After entering Costco in 2008, Batter Blaster moved into shelf space in over 9,000 chain supermarkets—most of which were acquired in just two months at the end of 2008. They include everyone from Wal-Mart to Whole Foods to Safeway to Kroger, with more to come. In 2009, O'Connor expects to ink deals with BJ's, Target, and more SuperValue supermarkets, which include Albertson's in California, and Shaws and Acme on the East Coast.

After all that chicanery and persistence, he now has to channel his energy into scaling up with grace. "To get in, you have to be a take-no-prisoners, rogue operation," he says. "But to run a business as a CEO, I'm learning, you can't be like that." 
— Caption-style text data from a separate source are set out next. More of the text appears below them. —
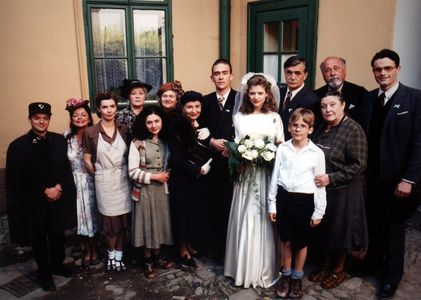 Miroslav Ballek, Jirí Bartoska, Marie Durnová, Jirí Hána, Martha Issová, Jitka Jezková, Filip Rajmont, Frantisek Rehák, 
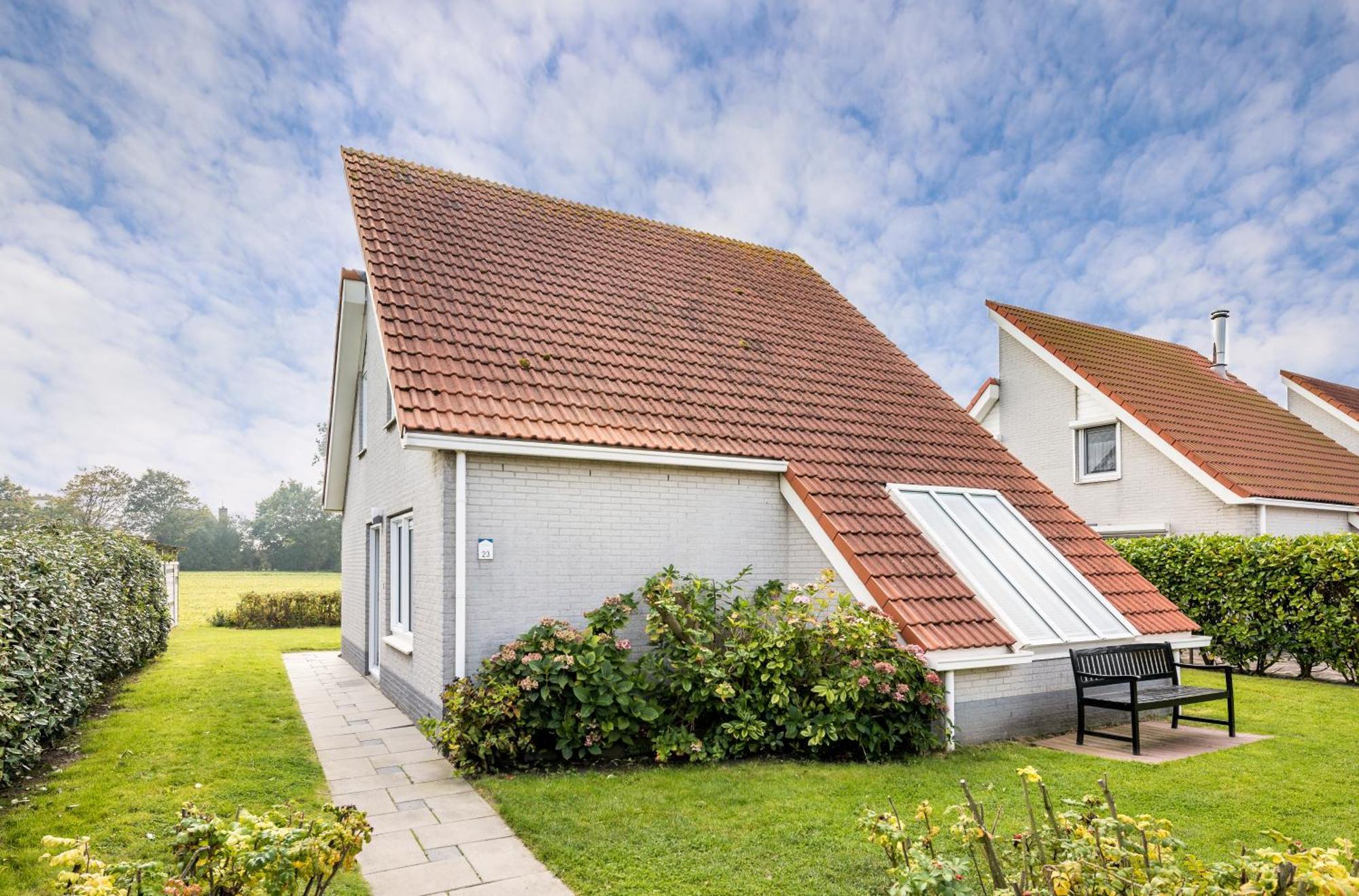 Summio Zeeland Village Scharendijke Eksteriør bilde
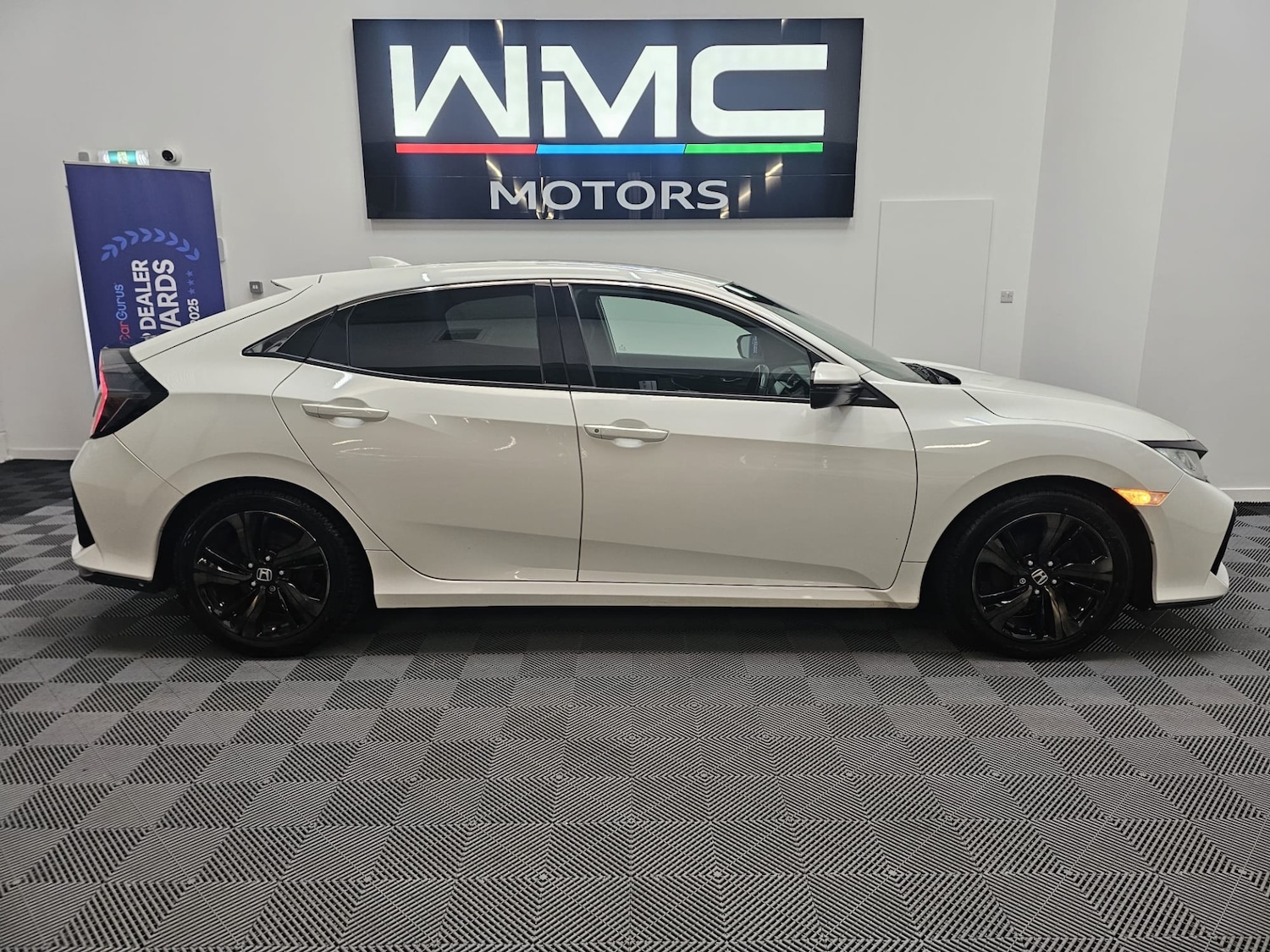 Used Honda Civic 2017 for sale - 77364788: Photo 9
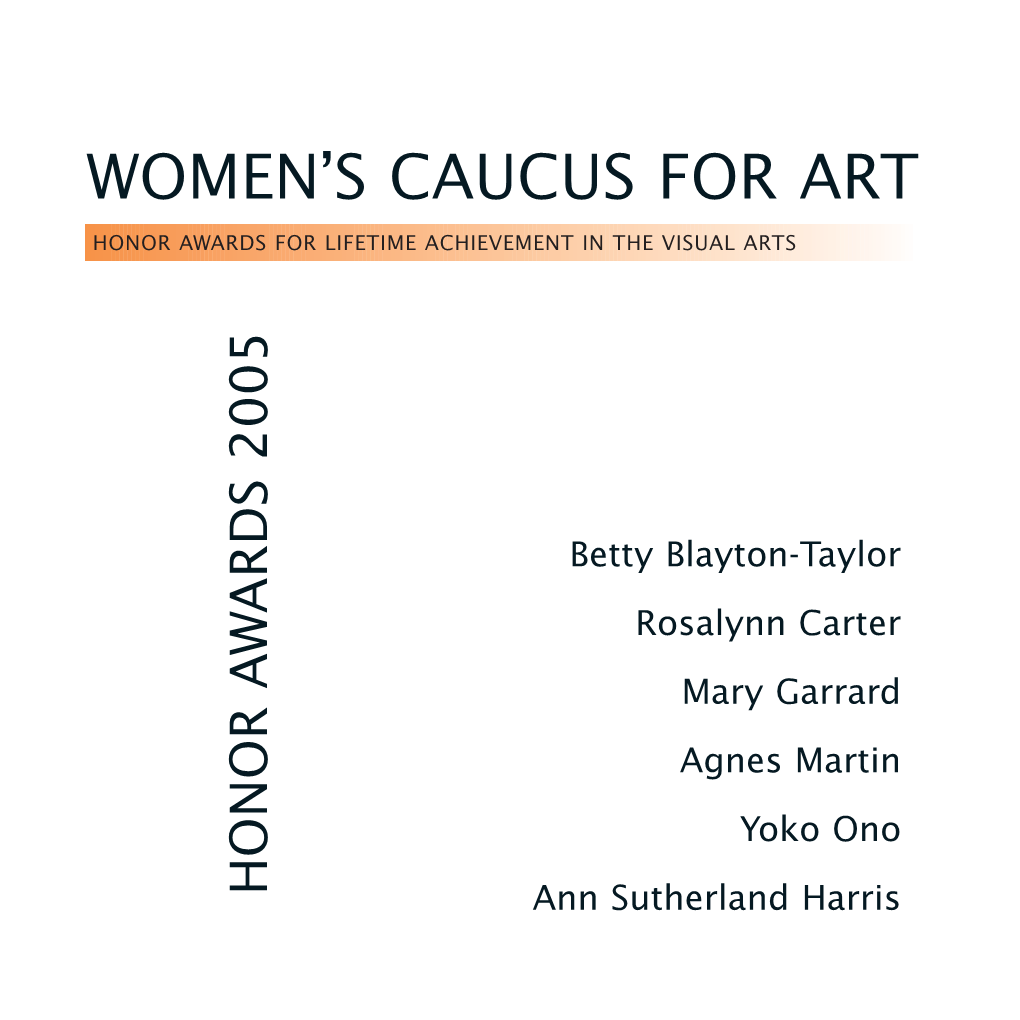 Women's Caucus For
The company plans on expanding its line to cupcake and brownie batter, but will stick to staple flavors like chocolate and vanilla. When asked if he'd considered doing colored pancakes for kids, O'Connor winces. "Yeah. You can make pink by using organic beet juice. And the batter looks great coming out of the can, like a real Crayola pink. But when it browns in the pan, it looks like a dirty sponge."

Every idea has its limits. But Batter Blaster is working on industrial products, too, and may eventually release a canned egg product for fast-food chains. Otherwise, it's the business of selling as usual. "We're trying some guerrilla marketing," O'Connor says. "My brother and I got an Airstream trailer and drove it around this summer. 18,000 miles: state fairs, supermarkets, samplings... we're not talking anymore."